- Born: 11 May 1953 India
- Died: 29 June 2020 (aged 67) Hyderabad, India
- Occupation: Scientist
- Known for: Insect Molecular Physiology, Integrated Insect Pest Management, Comparative Physiology, Endocrinology

= Aparna Dutta Gupta =

Indian scientist and professor (born 1953)

Aparna Dutta Gupta (11 May 1953 - 29 June 2020) was an Indian zoologist, Professor and academic. She taught in the Department of Animal Biology, School of Life Sciences, University of Hyderabad. Her research focused on zoology, developmental biology and endocrinology. She carried out research in the field of insect physiology, focusing on pests and their control.

==Early life and education==

Gupta obtained her bachelor's, masters, and doctoral degrees from Banaras Hindu University.

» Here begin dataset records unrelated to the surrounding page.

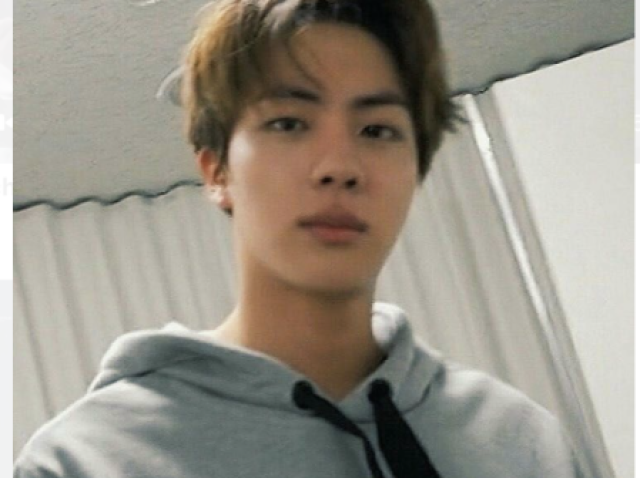 Kim Seokjin✨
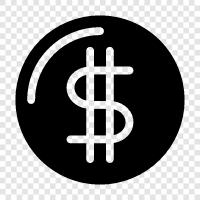 bitcoin, cryptocurrency, blockchain, digital icon svg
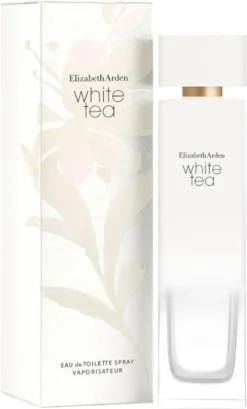 Elizabeth Arden White Tea 100ml - Eau De Toilette - Damesparfum -Cosmetica Winkel 724x1200 3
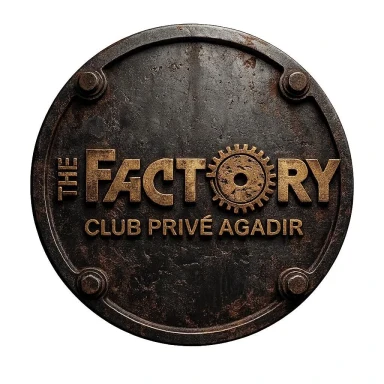 The Factory Agadir logo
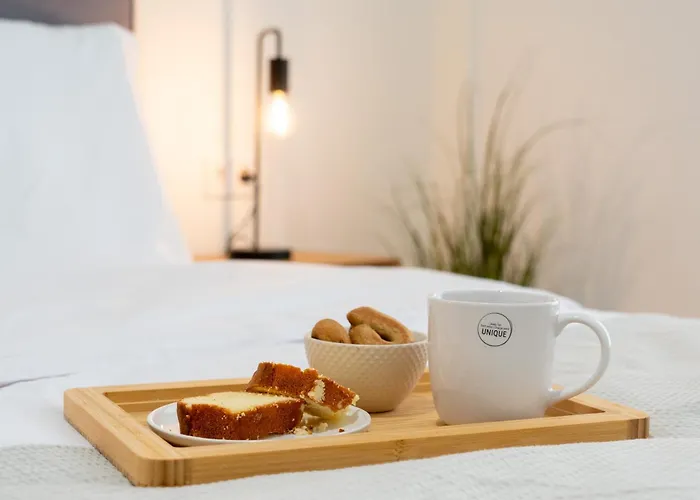 Boutique Apartamento Tesalónica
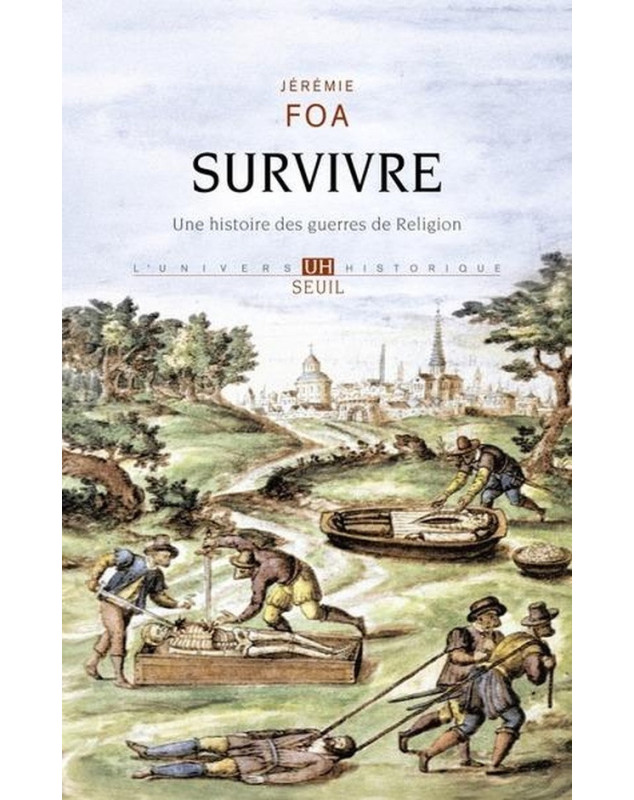 Survivre - Librairie 7 ici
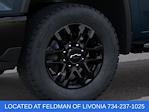 2025 Chevrolet Silverado 2500 Crew Cab 4x4 Pickup for sale #TF5T222399 - photo 9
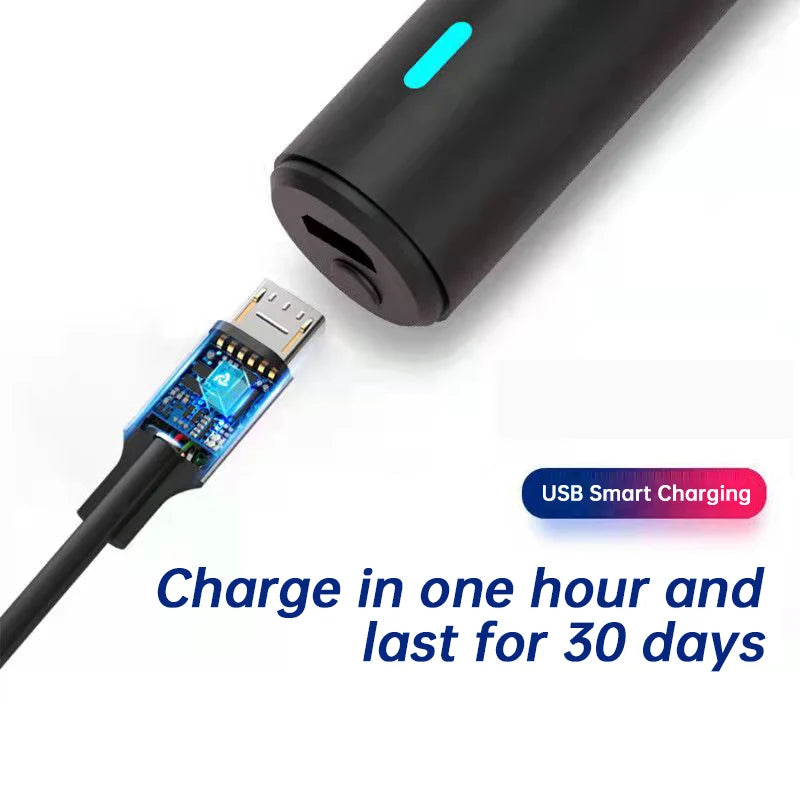 USB Nose Hair Trimmer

She was a Fulbright Scholar and visiting scientist at the Department of Biology of Marquette University, Milwaukee, USA, from 1984–1985. She was also a fellow of the Indo-German Exchange Programme (1991), INSA-Czech Academy Exchange (2000), DST-DAAD Personal Exchange (1999–2003), INSA-DFG International Exchange (2008) and INSA-JSPS Bilateral Exchange (2012). She is also an elected Fellow of Indian National Science Academy (INSA), Indian Academy of Sciences (IASc), and the National Academy of Sciences (NASI).

==Career==
Gupta was the Coordinator of the Centre for Biotechnology (2003–2006) and also served as Head of the Department of Animal Sciences (2003–2007) at the University of Hyderabad.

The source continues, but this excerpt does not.